A recent interventional studyshowed that consuming energy primarily as carbohydrate or fat (34% of energy from saturated fat or nearly 5 times the recommended limit) for 3 months did not differentially influence visceral fat and metabolic syndrome provided the diets were low-processed and lower-glycaemic based. Furthermore, in recent years, scientific evidencehas increased concerning the ability of lipids, in particular omega-3 polyunsaturated fatty acids (n-3 PUFAs), to positively influence muscle and overall physical function in older patients.

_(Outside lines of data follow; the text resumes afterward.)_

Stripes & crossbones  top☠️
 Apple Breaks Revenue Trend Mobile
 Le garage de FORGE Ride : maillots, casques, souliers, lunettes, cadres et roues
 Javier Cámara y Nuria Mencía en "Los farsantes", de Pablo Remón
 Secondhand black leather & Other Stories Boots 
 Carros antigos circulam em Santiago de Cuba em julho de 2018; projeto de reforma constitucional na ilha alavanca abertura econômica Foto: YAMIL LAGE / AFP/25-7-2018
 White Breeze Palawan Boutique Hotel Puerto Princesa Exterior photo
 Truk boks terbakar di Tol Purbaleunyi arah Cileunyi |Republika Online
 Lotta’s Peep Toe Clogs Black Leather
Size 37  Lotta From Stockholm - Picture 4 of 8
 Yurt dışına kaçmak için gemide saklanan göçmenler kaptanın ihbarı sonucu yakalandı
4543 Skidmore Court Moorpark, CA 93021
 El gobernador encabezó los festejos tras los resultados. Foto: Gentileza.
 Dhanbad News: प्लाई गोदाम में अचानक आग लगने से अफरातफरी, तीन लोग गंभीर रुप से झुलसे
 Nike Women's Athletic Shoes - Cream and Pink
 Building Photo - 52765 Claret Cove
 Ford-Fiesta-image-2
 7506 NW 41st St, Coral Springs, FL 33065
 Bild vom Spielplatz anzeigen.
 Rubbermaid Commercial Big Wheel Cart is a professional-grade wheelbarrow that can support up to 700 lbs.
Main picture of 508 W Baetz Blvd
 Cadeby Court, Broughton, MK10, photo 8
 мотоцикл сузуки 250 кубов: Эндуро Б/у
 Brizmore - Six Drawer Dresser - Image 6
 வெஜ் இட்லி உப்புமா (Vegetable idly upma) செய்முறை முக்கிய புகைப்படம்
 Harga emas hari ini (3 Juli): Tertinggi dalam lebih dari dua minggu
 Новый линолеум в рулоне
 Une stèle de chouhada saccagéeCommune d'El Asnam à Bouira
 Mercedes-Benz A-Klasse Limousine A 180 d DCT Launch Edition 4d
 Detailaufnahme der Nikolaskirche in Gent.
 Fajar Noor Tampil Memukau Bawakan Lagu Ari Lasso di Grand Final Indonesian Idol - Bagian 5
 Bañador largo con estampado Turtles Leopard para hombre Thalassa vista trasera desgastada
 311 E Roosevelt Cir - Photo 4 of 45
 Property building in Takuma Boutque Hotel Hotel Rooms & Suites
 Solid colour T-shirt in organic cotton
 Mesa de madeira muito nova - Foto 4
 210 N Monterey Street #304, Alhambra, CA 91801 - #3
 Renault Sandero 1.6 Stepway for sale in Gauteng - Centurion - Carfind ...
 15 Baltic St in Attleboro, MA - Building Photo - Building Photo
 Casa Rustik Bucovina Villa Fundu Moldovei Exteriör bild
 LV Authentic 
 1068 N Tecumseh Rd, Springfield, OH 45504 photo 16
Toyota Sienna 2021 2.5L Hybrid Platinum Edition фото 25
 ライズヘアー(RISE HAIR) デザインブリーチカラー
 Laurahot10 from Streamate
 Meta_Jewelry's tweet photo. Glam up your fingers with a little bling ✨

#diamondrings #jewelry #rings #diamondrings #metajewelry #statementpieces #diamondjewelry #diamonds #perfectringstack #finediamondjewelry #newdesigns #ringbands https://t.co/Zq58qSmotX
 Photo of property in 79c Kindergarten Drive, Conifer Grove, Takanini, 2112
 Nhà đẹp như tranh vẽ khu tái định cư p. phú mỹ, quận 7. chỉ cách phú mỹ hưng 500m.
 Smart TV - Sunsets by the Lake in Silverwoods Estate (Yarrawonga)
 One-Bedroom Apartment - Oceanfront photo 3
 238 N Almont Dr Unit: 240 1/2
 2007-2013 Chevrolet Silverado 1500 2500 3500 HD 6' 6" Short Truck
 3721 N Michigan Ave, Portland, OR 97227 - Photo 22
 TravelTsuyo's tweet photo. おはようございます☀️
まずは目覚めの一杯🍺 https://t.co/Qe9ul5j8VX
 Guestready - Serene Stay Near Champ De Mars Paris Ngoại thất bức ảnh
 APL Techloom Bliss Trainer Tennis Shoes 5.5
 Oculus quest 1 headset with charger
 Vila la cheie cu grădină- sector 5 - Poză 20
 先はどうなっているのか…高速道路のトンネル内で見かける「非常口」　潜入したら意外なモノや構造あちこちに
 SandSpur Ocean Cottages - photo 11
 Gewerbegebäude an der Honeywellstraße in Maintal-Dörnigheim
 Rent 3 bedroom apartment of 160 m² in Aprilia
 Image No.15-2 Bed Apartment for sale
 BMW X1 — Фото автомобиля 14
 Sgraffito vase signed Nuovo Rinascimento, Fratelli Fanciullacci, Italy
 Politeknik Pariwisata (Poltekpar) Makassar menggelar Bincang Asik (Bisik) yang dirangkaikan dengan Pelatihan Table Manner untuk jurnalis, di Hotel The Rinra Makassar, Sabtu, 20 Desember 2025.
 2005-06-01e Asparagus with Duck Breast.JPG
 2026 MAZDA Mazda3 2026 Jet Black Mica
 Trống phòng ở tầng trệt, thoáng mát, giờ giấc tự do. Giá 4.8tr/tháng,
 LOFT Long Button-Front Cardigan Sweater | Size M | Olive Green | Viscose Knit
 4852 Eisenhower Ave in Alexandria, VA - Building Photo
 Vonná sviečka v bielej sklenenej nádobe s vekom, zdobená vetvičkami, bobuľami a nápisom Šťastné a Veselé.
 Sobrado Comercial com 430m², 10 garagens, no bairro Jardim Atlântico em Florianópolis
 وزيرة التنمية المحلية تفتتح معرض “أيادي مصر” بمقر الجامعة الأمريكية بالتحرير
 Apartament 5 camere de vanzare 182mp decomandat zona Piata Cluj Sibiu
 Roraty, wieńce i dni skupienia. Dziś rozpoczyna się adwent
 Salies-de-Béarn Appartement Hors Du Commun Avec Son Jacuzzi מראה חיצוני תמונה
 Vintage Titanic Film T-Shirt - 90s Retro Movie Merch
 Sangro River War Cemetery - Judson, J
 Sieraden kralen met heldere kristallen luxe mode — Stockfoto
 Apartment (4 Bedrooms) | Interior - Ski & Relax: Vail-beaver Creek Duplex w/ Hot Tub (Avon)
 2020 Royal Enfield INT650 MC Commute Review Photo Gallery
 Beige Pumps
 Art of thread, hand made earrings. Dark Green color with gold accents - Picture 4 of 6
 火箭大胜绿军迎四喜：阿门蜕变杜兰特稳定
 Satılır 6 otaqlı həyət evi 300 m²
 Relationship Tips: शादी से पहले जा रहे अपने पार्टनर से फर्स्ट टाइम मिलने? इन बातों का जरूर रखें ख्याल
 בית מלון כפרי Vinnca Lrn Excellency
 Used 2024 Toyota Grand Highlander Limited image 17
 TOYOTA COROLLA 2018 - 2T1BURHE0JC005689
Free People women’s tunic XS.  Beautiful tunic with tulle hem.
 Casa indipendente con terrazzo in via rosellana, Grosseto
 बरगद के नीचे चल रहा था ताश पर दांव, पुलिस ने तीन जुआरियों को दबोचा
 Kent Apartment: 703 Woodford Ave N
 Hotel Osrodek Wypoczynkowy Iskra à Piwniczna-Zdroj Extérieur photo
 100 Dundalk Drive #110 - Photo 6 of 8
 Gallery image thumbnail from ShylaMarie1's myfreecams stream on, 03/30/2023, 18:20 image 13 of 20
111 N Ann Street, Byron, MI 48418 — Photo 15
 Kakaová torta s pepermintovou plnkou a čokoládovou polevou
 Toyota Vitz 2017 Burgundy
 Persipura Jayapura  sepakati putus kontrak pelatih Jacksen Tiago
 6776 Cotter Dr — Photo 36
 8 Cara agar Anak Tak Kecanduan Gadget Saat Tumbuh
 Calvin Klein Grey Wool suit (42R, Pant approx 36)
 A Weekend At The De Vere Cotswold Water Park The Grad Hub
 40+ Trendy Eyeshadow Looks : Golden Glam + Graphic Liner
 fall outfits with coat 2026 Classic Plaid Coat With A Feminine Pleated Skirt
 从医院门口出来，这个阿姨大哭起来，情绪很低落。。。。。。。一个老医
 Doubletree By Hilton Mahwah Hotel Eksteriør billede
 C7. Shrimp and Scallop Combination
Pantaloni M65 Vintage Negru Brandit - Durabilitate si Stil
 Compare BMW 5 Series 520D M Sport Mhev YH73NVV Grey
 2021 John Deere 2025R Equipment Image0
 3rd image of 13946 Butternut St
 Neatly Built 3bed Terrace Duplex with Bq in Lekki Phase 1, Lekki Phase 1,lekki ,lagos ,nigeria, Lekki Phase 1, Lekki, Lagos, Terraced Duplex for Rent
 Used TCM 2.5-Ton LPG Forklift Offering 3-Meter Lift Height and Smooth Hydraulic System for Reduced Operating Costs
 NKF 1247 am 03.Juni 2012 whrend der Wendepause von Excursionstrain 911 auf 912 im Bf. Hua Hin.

Bottomline: quality counts!!
12. My daily macronutrient breakdown based on caloric energy intake (EI) was approximately 25-30% protein, 35-40% carbohydrate, 30-35% fat. The percentages for the carb-to-fat ratio would vary day-to-day, some days higher in carbs, other days higher in fat, but protein would come in close to the 2 grams/kg body weight (∼30% of EI) each day. Simple sugars consumed per day varied from 40-80 grams.
I would describe this type of nutritional approach as an energy deficit, high-protein, moderate carb, moderate fat diet based on non-processed foods.
13. The picture below is a snapshot of my blood tests and is provided as evidence to demonstrate that for my physiology, the lifestyle-based intervention was very effective. All biomarkers were excellent and those indicative of inflammation were very low. Blood pressure measured 122/70 and was normal for the duration of the intervention.
Summary
In summary, this n=1 experiment confirmed that improvements in health and body composition, with decreased body fat and increased lean body mass, can be achieved in a 49 yo middle-aged male. Consuming 35-40% of the diet as carbohydrates (170-240 grams/day) containing 40-80 grams/day of simple sugars, 2g/kg/d of protein or 25-30% (160-200 grams/day) and 30-35% fat (with 15% of energy intake derived from saturated fat), was effective and safe with no ill effects. Biomarkers measured through blood tests corroborated this.
Physical activity – both formal exercise sessions and increased NEAT – was an integral component of this experiment. Finally, I would like to finish by saying to all those that read this blog to continue partaking in resistive exercise 2-3 times/week or for those not doing any such exercise to seriously consider adding this to your weekly routine. The benefits over the long-term go well beyond any words I can write.